For additional context on building production ML systems, see our guides on fine-tuning LLMs for domain-specific tasks, prompt engineering patterns that actually work in production, and evaluating LLM outputs at scale.
Common Errors and How to Fix Them
”Agent loop detected: agent A called agent B which called agent A”
This is a circular dependency error. It happens when agents are given overlapping responsibilities and no termination condition. Fix it by adding a maximum recursion depth parameter and ensuring each agent’s system prompt explicitly states what it should not do.
Token limit exceeded mid-pipeline
This occurs when you pass the full conversation history between agents. Do not pass full history between agents unless they explicitly need it. Pass only the structured output of the previous step.
Tool call returns None silently
Most agent frameworks catch tool exceptions and return None rather than raising. Add explicit error handling inside every tool function and return a structured error object that the agent can reason about:
def web_search(query: str) -> dict: try: results = search_api.get(query) return {“status”: “success”, “results”: results} except Exception as e: return {“status”: “error”, “message”: str(e)}
Agent produces inconsistent JSON despite schema instructions
Temperature settings above 0.3 increase JSON formatting failures in smaller models. For agents that must produce structured output, set temperature=0.0 and use the response_format={"type": "json_object"} parameter in OpenAI-compatible APIs. For non-OpenAI models, include the full JSON schema in the system prompt and add a validation retry loop.
Common Questions About Multi-Agent Systems
How many agents should a production pipeline have? Start with the minimum number that cleanly separates distinct responsibilities — typically three to five. More agents increase latency, token costs, and debugging complexity. Add agents only when a single agent’s context window constraint or capability gap makes a task unreliable.
Can multi-agent systems work with open-source models only? Yes. LLMWare supports local inference with CPU-compatible models, and Unsloth enables fine-tuning on consumer hardware. You can build a fully functional three-agent pipeline without any proprietary API dependency, though response quality will depend on the specific open-source models you choose.

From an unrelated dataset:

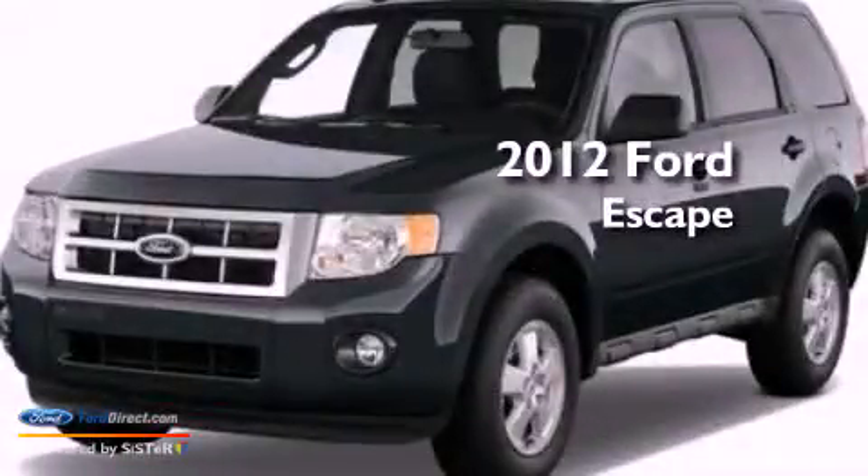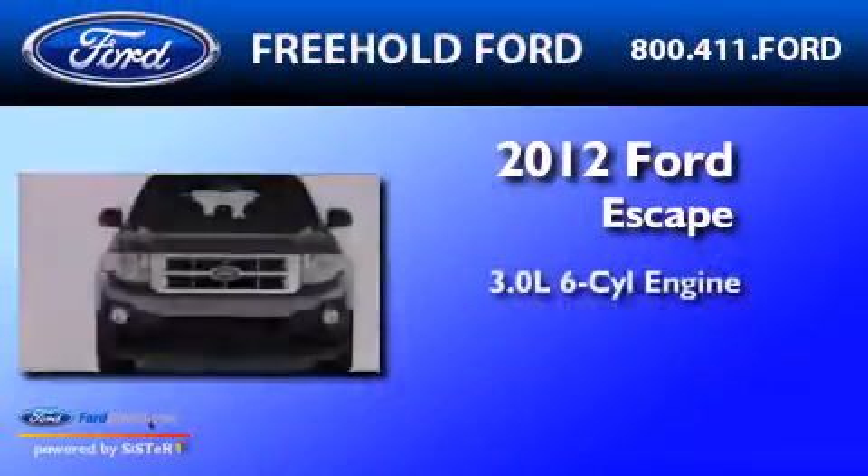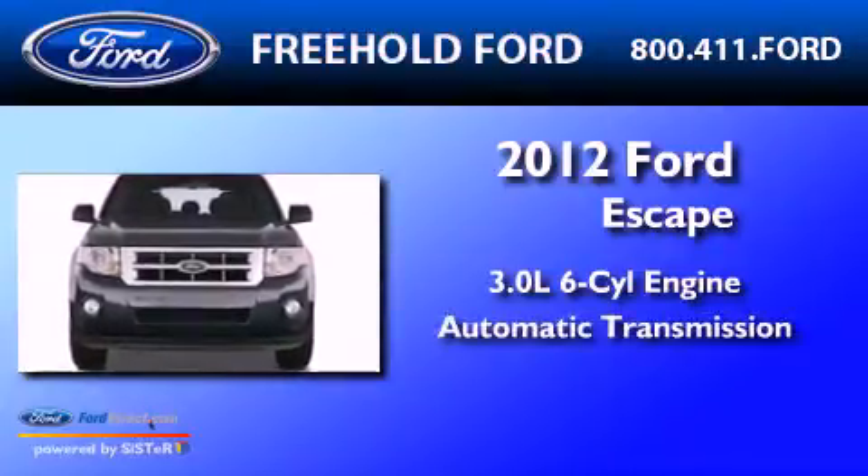This is a 2012 Ford Escape. It features a 3.0-liter six-cylinder engine and an automatic transmission.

How do you prevent one agent from overriding another agent’s output? Use explicit write permissions in your architecture. Each agent should only be able to write to its designated output field. Implement this with a shared state object (a Python dataclass or Pydantic model) where each agent has access to specific fields only.
What is the difference between a multi-agent system and a simple chain? A chain executes a fixed sequence of steps with no branching or delegation. A multi-agent system allows dynamic routing, parallel execution, and agents that can decide whether to call other agents. Research from Google DeepMind demonstrates that dynamic routing between specialized agents consistently outperforms fixed chains on complex reasoning benchmarks.
Where to Go From Here
Multi-agent systems are not complexity for its own sake. They are an engineering response to a real constraint: tasks that exceed the reliable scope of any single model call.

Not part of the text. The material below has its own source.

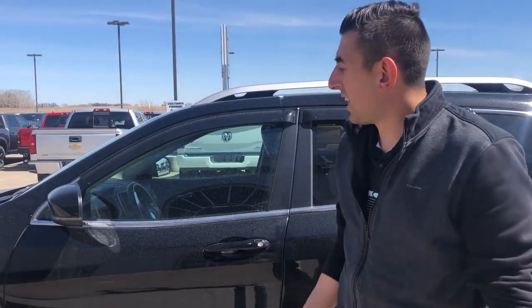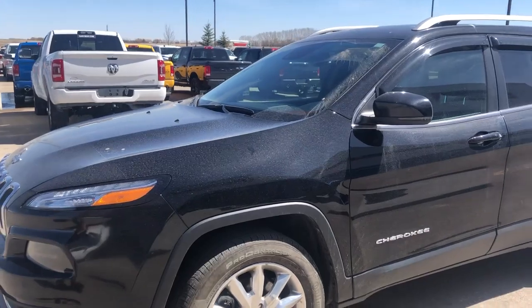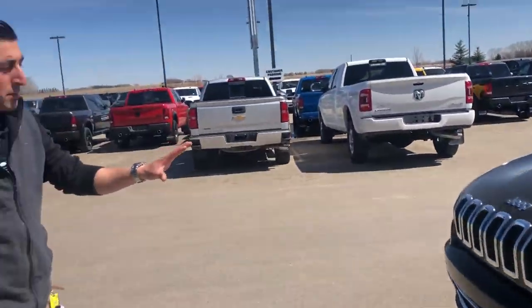Hey guys, Davin Simeo, Sales Manager here at Mountain View Dodge in Olds, Alberta. Today we've got a 2017 Jeep Cherokee Limited. This one's got 66,000 km on it and 3M on the front.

The pipeline you built in this tutorial — retrieval, validation, synthesis, monitoring — handles a class of real-world tasks that a single LLM prompt simply cannot.
The key discipline is treating each agent boundary as a hard contract: typed inputs, typed outputs, no implicit assumptions about what the previous agent understood.
Start small. Get one orchestrator and two workers running reliably before adding a third. Integrate Arize Phoenix before your first production deployment, not after your first production incident.
Use Fireworks AI for high-throughput inference if OpenAI latency becomes a bottleneck. And consider the S2DS program if you need structured mentorship as you scale your ML engineering practice.
The architecture scales; your debugging process needs to scale with it.